··· DATASET

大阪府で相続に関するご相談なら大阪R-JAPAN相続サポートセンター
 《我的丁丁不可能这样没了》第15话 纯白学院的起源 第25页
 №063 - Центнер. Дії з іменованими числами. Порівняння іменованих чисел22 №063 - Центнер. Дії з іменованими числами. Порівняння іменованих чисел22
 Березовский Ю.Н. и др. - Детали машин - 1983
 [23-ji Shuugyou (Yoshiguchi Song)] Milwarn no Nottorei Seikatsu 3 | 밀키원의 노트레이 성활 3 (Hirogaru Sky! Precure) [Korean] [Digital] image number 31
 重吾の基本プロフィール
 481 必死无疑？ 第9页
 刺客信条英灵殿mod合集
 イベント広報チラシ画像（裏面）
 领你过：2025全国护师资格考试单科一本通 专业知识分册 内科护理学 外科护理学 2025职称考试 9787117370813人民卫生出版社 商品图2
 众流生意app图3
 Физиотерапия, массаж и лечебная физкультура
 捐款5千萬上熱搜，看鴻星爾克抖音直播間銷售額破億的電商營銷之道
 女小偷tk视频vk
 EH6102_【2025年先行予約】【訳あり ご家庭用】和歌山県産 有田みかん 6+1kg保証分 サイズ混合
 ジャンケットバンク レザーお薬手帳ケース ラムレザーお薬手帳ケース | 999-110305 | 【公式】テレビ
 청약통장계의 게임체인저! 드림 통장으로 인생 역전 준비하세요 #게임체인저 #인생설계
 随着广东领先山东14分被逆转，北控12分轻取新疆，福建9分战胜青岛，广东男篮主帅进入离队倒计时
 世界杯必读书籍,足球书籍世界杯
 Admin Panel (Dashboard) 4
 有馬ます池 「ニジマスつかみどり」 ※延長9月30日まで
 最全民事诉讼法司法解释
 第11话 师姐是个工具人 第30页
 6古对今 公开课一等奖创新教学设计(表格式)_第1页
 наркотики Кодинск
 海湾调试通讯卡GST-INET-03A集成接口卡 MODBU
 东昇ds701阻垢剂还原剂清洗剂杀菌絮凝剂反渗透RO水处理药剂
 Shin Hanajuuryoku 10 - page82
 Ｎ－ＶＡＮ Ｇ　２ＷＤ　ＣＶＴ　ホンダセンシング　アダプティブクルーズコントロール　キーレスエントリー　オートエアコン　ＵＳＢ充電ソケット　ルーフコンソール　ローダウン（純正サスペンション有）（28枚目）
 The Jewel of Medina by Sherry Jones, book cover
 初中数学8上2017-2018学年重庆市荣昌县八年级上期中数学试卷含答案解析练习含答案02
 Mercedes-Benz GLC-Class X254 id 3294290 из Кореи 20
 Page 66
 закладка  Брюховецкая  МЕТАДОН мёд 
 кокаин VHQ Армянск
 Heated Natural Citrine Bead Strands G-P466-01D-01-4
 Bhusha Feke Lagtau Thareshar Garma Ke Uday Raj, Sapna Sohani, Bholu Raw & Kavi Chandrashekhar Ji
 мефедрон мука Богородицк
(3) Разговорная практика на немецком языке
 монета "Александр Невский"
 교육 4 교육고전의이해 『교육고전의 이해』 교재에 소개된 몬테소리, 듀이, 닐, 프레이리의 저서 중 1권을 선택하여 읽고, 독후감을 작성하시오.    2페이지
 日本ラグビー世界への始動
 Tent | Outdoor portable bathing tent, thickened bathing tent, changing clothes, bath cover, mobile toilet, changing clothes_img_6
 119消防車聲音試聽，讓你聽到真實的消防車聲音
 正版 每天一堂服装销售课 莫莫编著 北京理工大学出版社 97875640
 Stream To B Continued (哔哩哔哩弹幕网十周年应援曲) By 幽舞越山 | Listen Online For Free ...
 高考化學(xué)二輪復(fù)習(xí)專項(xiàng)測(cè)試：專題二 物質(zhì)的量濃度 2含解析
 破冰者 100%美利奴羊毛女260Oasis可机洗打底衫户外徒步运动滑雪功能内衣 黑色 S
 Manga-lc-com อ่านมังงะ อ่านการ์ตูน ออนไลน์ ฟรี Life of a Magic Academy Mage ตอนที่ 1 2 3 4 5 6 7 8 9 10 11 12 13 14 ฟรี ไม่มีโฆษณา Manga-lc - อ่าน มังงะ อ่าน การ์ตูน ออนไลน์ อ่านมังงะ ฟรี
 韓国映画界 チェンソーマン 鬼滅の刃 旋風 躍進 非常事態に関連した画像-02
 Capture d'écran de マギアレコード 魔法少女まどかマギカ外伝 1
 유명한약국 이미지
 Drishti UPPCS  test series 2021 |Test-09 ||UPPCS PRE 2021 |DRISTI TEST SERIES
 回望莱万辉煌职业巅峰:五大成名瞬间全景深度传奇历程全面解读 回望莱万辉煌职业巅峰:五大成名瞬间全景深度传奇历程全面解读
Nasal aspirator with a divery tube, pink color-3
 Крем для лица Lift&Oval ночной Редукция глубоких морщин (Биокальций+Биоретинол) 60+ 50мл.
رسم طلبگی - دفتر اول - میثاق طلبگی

······

### [WHAT IS EXPECTED]
Reproduce each line above exactly.

### [TASK RESULT]
大阪府で相続に関するご相談なら大阪R-JAPAN相続サポートセンター
 《我的丁丁不可能这样没了》第15话 纯白学院的起源 第25页
 №063 - Центнер. Дії з іменованими числами. Порівняння іменованих чисел22 №063 - Центнер. Дії з іменованими числами. Порівняння іменованих чисел22
 Березовский Ю.Н. и др. - Детали машин - 1983
 [23-ji Shuugyou (Yoshiguchi Song)] Milwarn no Nottorei Seikatsu 3 | 밀키원의 노트레이 성활 3 (Hirogaru Sky! Precure) [Korean] [Digital] image number 31
 重吾の基本プロフィール
 481 必死无疑？ 第9页
 刺客信条英灵殿mod合集
 イベント広報チラシ画像（裏面）
 领你过：2025全国护师资格考试单科一本通 专业知识分册 内科护理学 外科护理学 2025职称考试 9787117370813人民卫生出版社 商品图2
 众流生意app图3
 Физиотерапия, массаж и лечебная физкультура
 捐款5千萬上熱搜，看鴻星爾克抖音直播間銷售額破億的電商營銷之道
 女小偷tk视频vk
 EH6102_【2025年先行予約】【訳あり ご家庭用】和歌山県産 有田みかん 6+1kg保証分 サイズ混合
 ジャンケットバンク レザーお薬手帳ケース ラムレザーお薬手帳ケース | 999-110305 | 【公式】テレビ
 청약통장계의 게임체인저! 드림 통장으로 인생 역전 준비하세요 #게임체인저 #인생설계
 随着广东领先山东14分被逆转，北控12分轻取新疆，福建9分战胜青岛，广东男篮主帅进入离队倒计时
 世界杯必读书籍,足球书籍世界杯
 Admin Panel (Dashboard) 4
 有馬ます池 「ニジマスつかみどり」 ※延長9月30日まで
 最全民事诉讼法司法解释
 第11话 师姐是个工具人 第30页
 6古对今 公开课一等奖创新教学设计(表格式)_第1页
 наркотики Кодинск
 海湾调试通讯卡GST-INET-03A集成接口卡 MODBU
 东昇ds701阻垢剂还原剂清洗剂杀菌絮凝剂反渗透RO水处理药剂
 Shin Hanajuuryoku 10 - page82
 Ｎ－ＶＡＮ Ｇ　２ＷＤ　ＣＶＴ　ホンダセンシング　アダプティブクルーズコントロール　キーレスエントリー　オートエアコン　ＵＳＢ充電ソケット　ルーフコンソール　ローダウン（純正サスペンション有）（28枚目）
 The Jewel of Medina by Sherry Jones, book cover
 初中数学8上2017-2018学年重庆市荣昌县八年级上期中数学试卷含答案解析练习含答案02
 Mercedes-Benz GLC-Class X254 id 3294290 из Кореи 20
 Page 66
 закладка  Брюховецкая  МЕТАДОН мёд 
 кокаин VHQ Армянск
 Heated Natural Citrine Bead Strands G-P466-01D-01-4
 Bhusha Feke Lagtau Thareshar Garma Ke Uday Raj, Sapna Sohani, Bholu Raw & Kavi Chandrashekhar Ji
 мефедрон мука Богородицк
(3) Разговорная практика на немецком языке
 монета "Александр Невский"
 교육 4 교육고전의이해 『교육고전의 이해』 교재에 소개된 몬테소리, 듀이, 닐, 프레이리의 저서 중 1권을 선택하여 읽고, 독후감을 작성하시오.    2페이지
 日本ラグビー世界への始動
 Tent | Outdoor portable bathing tent, thickened bathing tent, changing clothes, bath cover, mobile toilet, changing clothes_img_6
 119消防車聲音試聽，讓你聽到真實的消防車聲音
 正版 每天一堂服装销售课 莫莫编著 北京理工大学出版社 97875640
 Stream To B Continued (哔哩哔哩弹幕网十周年应援曲) By 幽舞越山 | Listen Online For Free ...
 高考化學(xué)二輪復(fù)習(xí)專項(xiàng)測(cè)試：專題二 物質(zhì)的量濃度 2含解析
 破冰者 100%美利奴羊毛女260Oasis可机洗打底衫户外徒步运动滑雪功能内衣 黑色 S
 Manga-lc-com อ่านมังงะ อ่านการ์ตูน ออนไลน์ ฟรี Life of a Magic Academy Mage ตอนที่ 1 2 3 4 5 6 7 8 9 10 11 12 13 14 ฟรี ไม่มีโฆษณา Manga-lc - อ่าน มังงะ อ่าน การ์ตูน ออนไลน์ อ่านมังงะ ฟรี
 韓国映画界 チェンソーマン 鬼滅の刃 旋風 躍進 非常事態に関連した画像-02
 Capture d'écran de マギアレコード 魔法少女まどかマギカ外伝 1
 유명한약국 이미지
 Drishti UPPCS  test series 2021 |Test-09 ||UPPCS PRE 2021 |DRISTI TEST SERIES
 回望莱万辉煌职业巅峰:五大成名瞬间全景深度传奇历程全面解读 回望莱万辉煌职业巅峰:五大成名瞬间全景深度传奇历程全面解读
Nasal aspirator with a divery tube, pink color-3
 Крем для лица Lift&Oval ночной Редукция глубоких морщин (Биокальций+Биоретинол) 60+ 50мл.
رسم طلبگی - دفتر اول - میثاق طلبگی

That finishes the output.